Atlantico : L’extrême-gauche a-t-elle un problème avec la violence politique ? Du XIXème siècle aux années 80, divers groupes de plusieurs tendances, anarcho-libertaires ou encore communistes révolutionnaires, se sont illustrés par leurs actions terroriste. On pensera notamment, chez nous en France, à Action Directe. La chute de l’URSS aura apporté une accalmie durant les années 1990, les activistes des milieux universitaires connaissant un relatif déclin. Depuis quelques années, il semblerait que nous assistions à une résurgence et un renouveau. Qu’en dire ? Est-ce le fait du « wokisme » ?
Eric Delbecque : Oui, c’est un fait historique. L’extrême gauche, dans ses expressions les plus radicales, a toujours entretenu un rapport ambivalent avec la violence, qu’elle tend à héroïser, à « glamouriser ». Le XIXe siècle fut marqué par le terrorisme anarchiste, et le XXe siècle vit naître des organisations comme Action Directe en France, les Brigades rouges en Italie, ou la RAF en Allemagne. Ces groupes ont eu recours à la lutte armée, au nom d’une prétendue justice révolutionnaire.
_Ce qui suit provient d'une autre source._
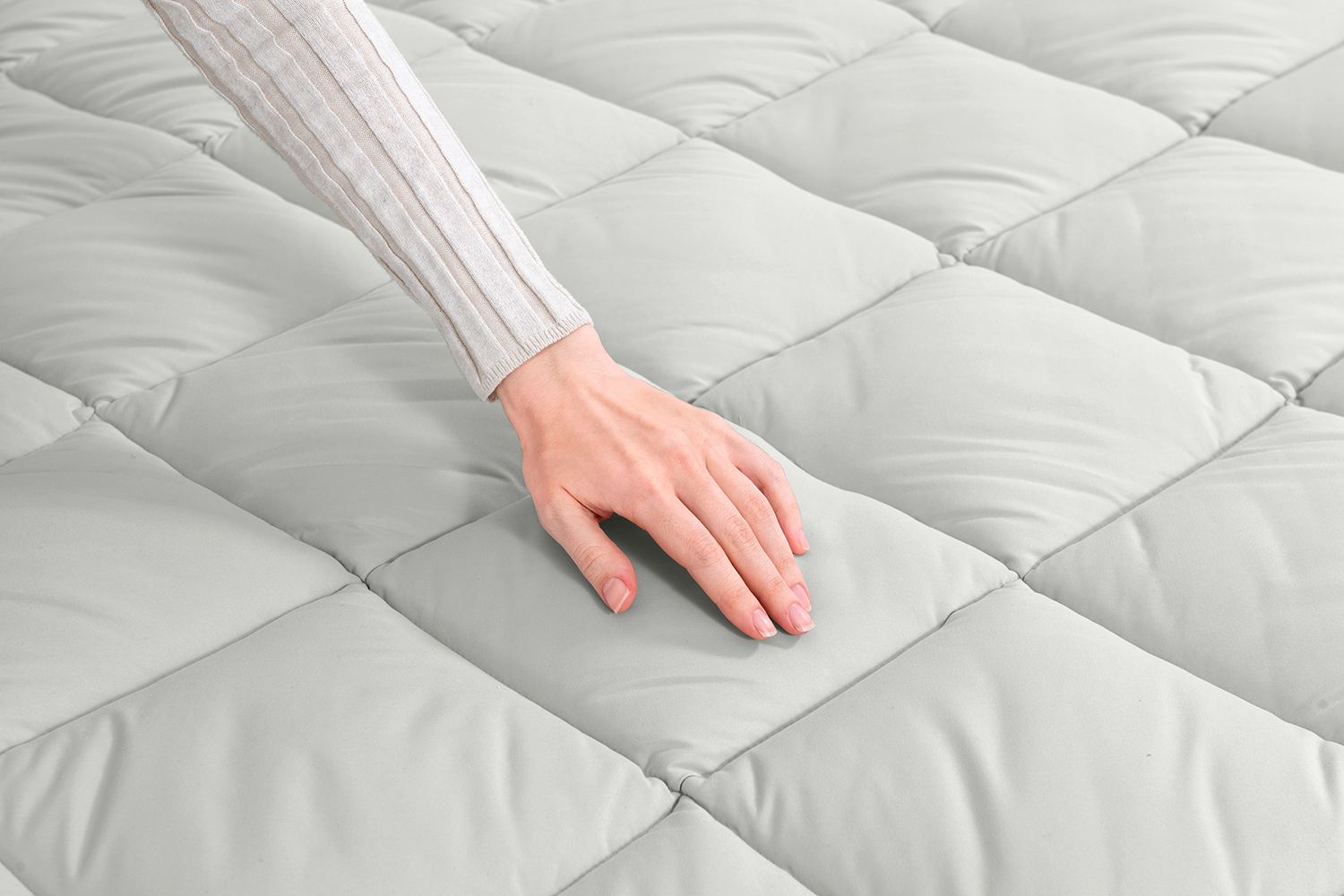 Fortech™ Doppelluftbett mit Reißverschlussbezug & integrierter Elektropumpe  203 x 152 x 51 cm Fortech™ Doppelluftbett mit Reißverschlussbezug & integrierter Elektropumpe  203 x 152 x 51 cm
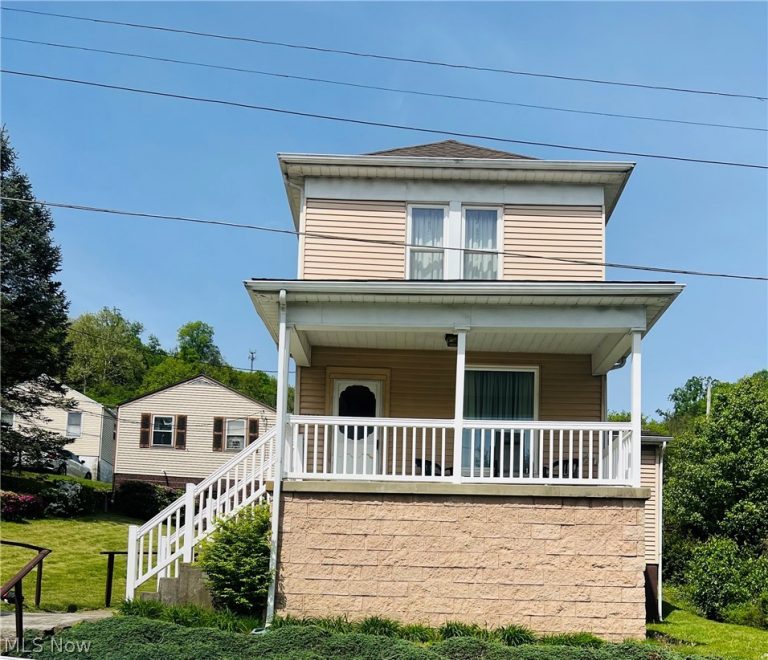 1121 7th Street, Martins Ferry, OH - Photo 3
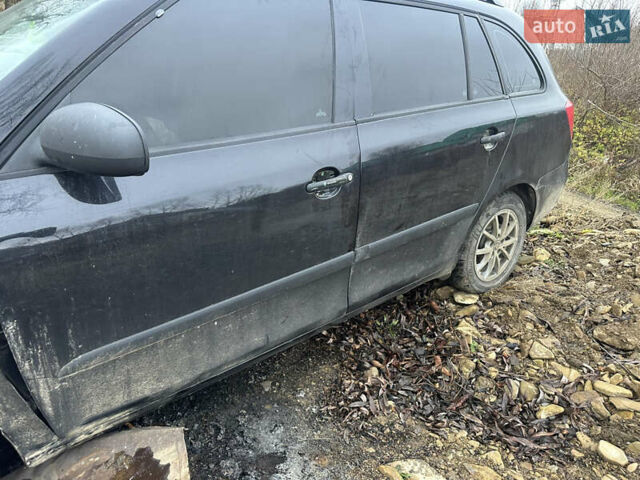 Чорний Шкода Фабія, об'ємом двигуна 1.42 л та пробігом 228 тис. км за 1850 $, фото 2 на Automoto.ua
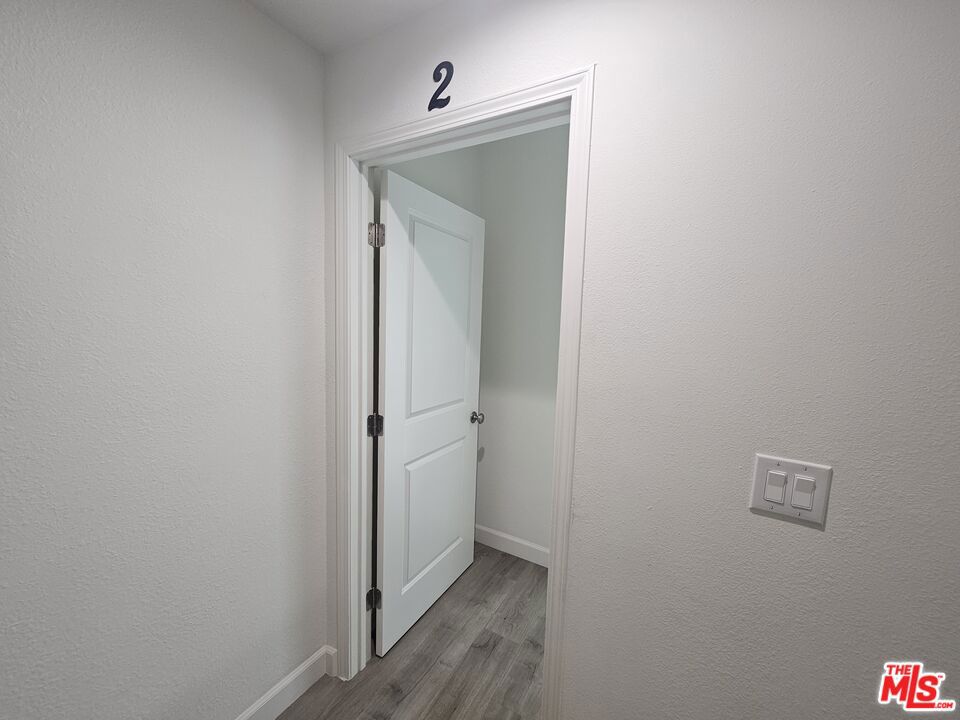 https://media.crmls.org/mediaz/762e5bef-1bd8-4802-a77d-991e69e3d3e6.jpg?preset=X-Large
Après une accalmie relative post-Guerre froide, nous assistons effectivement aujourd’hui à une résurgence idéologique, portée notamment par des franges insurrectionnelles qui gravitent autour de ZAD, de collectifs d’ultragauche, ou de nébuleuses décolonialistes. Quant au wokisme – compris comme un nouveau langage idéologique structuré autour d’une vision victimaire du monde –, il alimente une radicalité discursive qui peut, dans certains cas, dégénérer en action violente. C’est cette potentialité qu’il convient d’analyser et de prévenir. L’ultragauche et l’extrême gauche ont clairement absorbé la matrice intellectuelle et psychologique wokiste.
Olivier Vial : L’extrême gauche n’a jamais exclu la violence de son arsenal idéologique. En plaçant au cœur de son imaginaire la révolution ou le soulèvement populaire, elle a toujours considéré que la violence constituait une étape nécessaire du processus historique. Elle ne vise pas seulement à contester le pouvoir, mais à le renverser – et parfois physiquement. Plus encore que le « wokisme », c’est le retour de l’antimondialisme à la fin des années 1990 (avec les contre-sommets de Seattle, Gênes, etc.) qui a réintroduit la violence dans l’espace militant, avec l’émergence des premiers black blocs. Depuis, cette dynamique s’est nourrie de trois idéologies puissantes : le décolonialisme, l’écologie radicale, et un anticapitalisme révolutionnaire dopé d’abord par la crise climatique, puis par l’antisionnisme depuis le 7 octobre 2023.
Ces idéologies ont constitué le terreau d’une re-légitimation progressive de la violence, d’abord dirigée contre les biens — sabotages, dégradations, incendies —, désormais de plus en plus orientée contre les personnes. Les agressions d’opposants politiques ou de membres des forces de l’ordre par des groupes antifas en sont les manifestations les plus visibles. Jusqu’à présent, un interdit subsistait : celui de l’homicide, du sang versé. Dans Comment saboter un pipeline ? (2020), Andreas Malm écrit : « on change de registre dès que du sang est versé. Cela pourrait arriver, malencontreusement ou délibérément. Ce n’est pas nécessaire. […] À l’heure où j’écris ces lignes, ce serait une catastrophe pour le mouvement si l’une de ses composantes décidait de recourir au terrorisme. » Ce n’est pas une condamnation morale. C’est un simple constat d’opportunité tactique : verser le sang serait, pour l’instant, contre-productif. Autrement dit, la réserve n’est pas fondée sur un principe intangible, mais sur une évaluation conjoncturelle. Le cas d’Élias Rodriguez — qui a revendiqué le meurtre de deux diplomates israéliens comme un acte « sensé » en réaction au « génocide à Gaza » — montre que ce verrou symbolique est en train de sauter. La violence politique ne se contente plus de frapper des vitrines ou des pylônes. Elle frappe des vies humaines.